There are a number of grids servicing the US. The  Pennsylvania, New Jersey Maryland grid (PJM) is well managed.  It is the largest grid in the US. It services 13 States and the District of Columbia.  It is the grid that provides my electricity and it has managed to avoid brownouts and blackouts.  The reason is that the ratio of fossil fuel (thermal) energy generation to wind and solar generation is 20 to 1.  If Nuclear is included the ratio is 26 to1. 

The chart shows the PJM Existing Installed Capacity.

The issue PJM is facing is how to make their way through the EPA and States forcing an energy transition. The following explains their fear of losing enough spare capacity to continue to make their Grid reliable:

“Maintaining an adequate level of generation resources, with the right operational and physical characteristics , is essential for PJM’s ability to serve electrical demand through the energy transition. Our research highlights four trends below that we believe, in combination, present increasing reliability risks during the transition, due to a potential timing mismatch between resource retirements, load growth and the pace of new generation entry under a possible “low new entry” scenario: · The growth rate of electricity demand is likely to continue to increase from electrification coupled with the proliferation of high-demand data centers in the region. · Thermal generators are retiring at a rapid pace due to government and private sector policies as well as economics. · Retirements are at risk of outpacing the construction of new resources, due to a combination of industry forces, including siting and supply chain, whose long-term impacts are not fully known. · PJM’s interconnection queue is composed primarily of intermittent and limited-duration resources. Given the operating characteristics of these resources, we need multiple megawatts of these resources to replace 1 MW of thermal generation.”  (My highlighting added).

According to PJM this is what it will look like if the State and Feds current plans are not adjusted.

Completely unworkable. Solar, the major electrical source, only available in the day. 

The “Storage” at 55,037 watts, is at present, nonexistent.  Even if it were charged by excess solar wattage, it, along with the other electrical generators, would not be enough to satisfy peak demands.      

PJM management wants everyone to note that the States, not PJM, have the responsibility to maintain resource adequacy on their electric systems.

The EPA has several regulations that will cause a loss of significant reliable capacity of coal based and Natural gas (Thermal Plants) plants.
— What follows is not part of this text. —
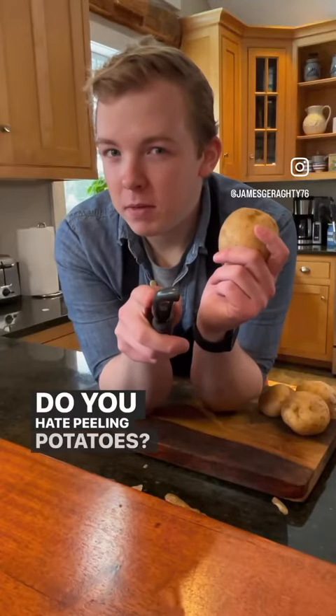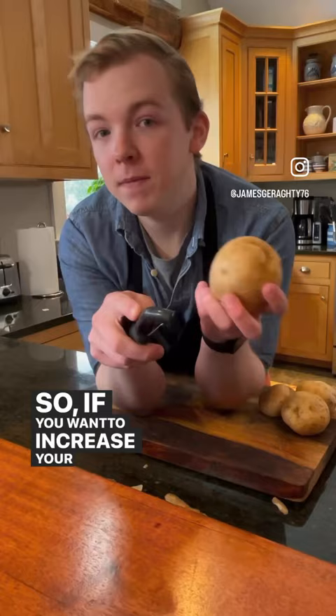Do you hate peeling potatoes? I mean, we all do. So if you want to increase your efficiency and get through peeling potatoes much quicker, here's a great way to do it.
The following are from the PJM’s study:

EPA REGULATIONS

Effluent Limitation Guidelines: will force closing 3,400 MW thermal based capacity.

Coal Combusting Residuals: Will force closing 2,700 MW thermal-based capacity.

Good Neighbor Rule:   Will force closing 4,400 MW thermal-based capacity.

STATE ORDINACES

Forcing retirement of the following thermal based capacity.

Illinois:  5,800 MW thermal-based capacity.

New Jersey:  3,100 MW thermal-base capacity.

Virginia-North Carolina: 1,533 MW of thermal-based capacity.

Indiana: 1,318 MW of thermal-based capacity.

Maryland: 305 MW thermal-based capacity.

PJM has avoided system blackouts  because they maintain a 22% reserve but the 2030 projected reserve based upon their study will only be 3% . 

There two organizations that are commissioned to make the Grids reliable.

The Federal Energy Regulatory Commission, or FERC, is an independent agency that regulates the interstate transmission of electricity, natural gas, and oil. 

The North American Electric Reliability Corporation (NERC) is a nonprofit corporation that ensures the reliability of the bulk power system in North America, including the continental United States and Canada.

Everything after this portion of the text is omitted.